Mphelo, who is also a police officer, said that in his home region of Limpopo province, South Africa, the birds are poisoned by people who believe their parts can bring worldly success. “There is no such benefit of becoming rich or healing people with vulture parts,” he said. “It’s all a lie.”
In his view, losing vultures will harm South African communities. “If we kill vultures, what is it that we are going to have in the future? Because our children and our grandchildren will never know the vulture,” Mphelo said.
The decline in vulture populations may prove to have health impacts for those communities as well. By scavenging carcasses, vultures cleanse landscapes of corpses, thus removing harmful bacteria and diseases. A paper published earlier this year linked a precipitous decline of vulture populations in India to the deaths of more than 500,000 people between 2000 and 2005. These findings are cause for concern in Africa too, say experts such as Deikumah.
As vulture numbers decline, other scavengers such as feral dogs can increase. Unlike vultures, they can then act as disease reservoirs, potentially spreading rabies and other diseases. Research in Ethiopia, for instance, found that as vulture numbers visiting abattoirs fell, dog numbers doubled, potentially increasing the risk of rabies for local communities.
Studies directly linking vulture declines to the spread of disease in Africa are lacking, but experts say such scenarios could easily play out.
“It’s really important that that we preserve these species because they give us such an important sanitation service,” Willows-Munro said. “In South Africa, where we have huge vaccination campaigns against rabies, we still have a big problem. In other countries that have less-established vaccination programs, I can imagine the impact is going to be even worse.”
Curbing the threats
Researchers say there’s a number of steps governments and communities could take to protect vultures and counteract the diminishing genetic diversity found in South Africa and Ghana. They propose captive breeding, reintroductions, supplementary feeding, GPS tracking to better understand population movements, and ongoing genetic monitoring.
André Botha, co-chair of the IUCN’s Vulture Specialist Group, said the study could help spur conservation action. “It highlights the need for conservation action in the peripheral populations, or the edge populations, within South Africa,” he told Mongabay.

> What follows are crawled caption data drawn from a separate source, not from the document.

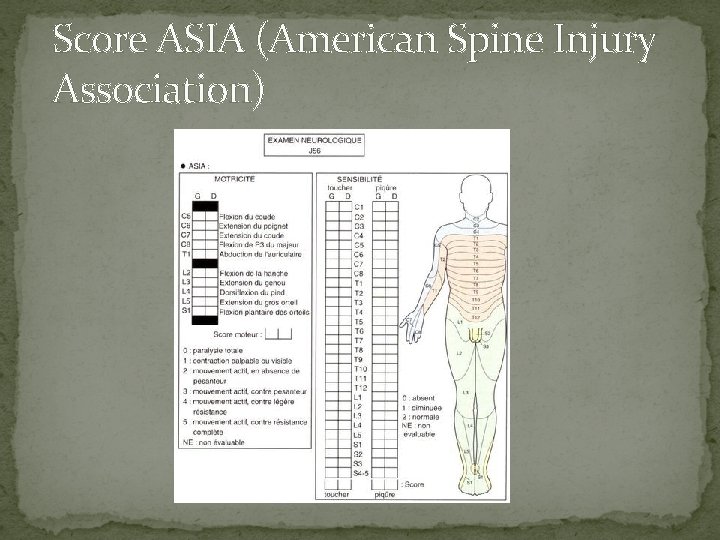 Score ASIA (American Spine Injury Association) 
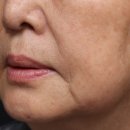 서강의원 | 신촌피부과 레디어스 스킨부스터 후기│마리오네트·눈가 주름 고민 수술 대신 선택한 방법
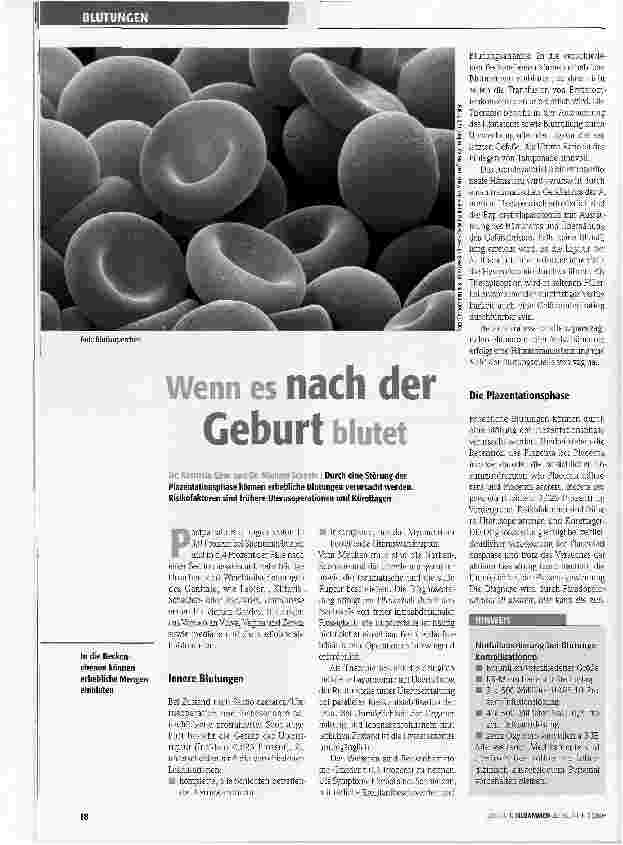 Vorschauseite 1: Wenn es nach der Geburt blutet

The study also underlines the need for far greater protection for the birds in Ghana, and West Africa more broadly, where threats are high.
Mphelo said that in South Africa, raising awareness of the precarious position the birds are in could help combat the practice of hunting them for traditional medicine uses.
“People need education. They need to be educated about the importance of vultures for nature,” he said. “Because vultures have also got a right to life.”
Citations:
Le Roux, R., Colmonero-Costeira, I., Deikumah, J. P., Thompson, L. J., Russo, I. M., Jansen van Vuuren, B., & Willows-Munro, S. (2024). High conservation importance of range-edge populations of hooded vultures (Necrosyrtes monachus). Scientific Reports, 14(1). doi:10.1038/s41598-024-68756-2.
Mashele, N. M., Thompson, L. J., & Downs, C. T. (2021). Uses of vultures in traditional medicines in the Kruger to Canyons Biosphere Region, South Africa. Journal of Raptor Research, 55(3). doi:10.3356/jrr-20-36.
Frank, E., & Sudarshan, A. (2023). The social costs of keystone species collapse: Evidence from the decline of vultures in India. SSRN Electronic Journal. doi:10.2139/ssrn.4318579.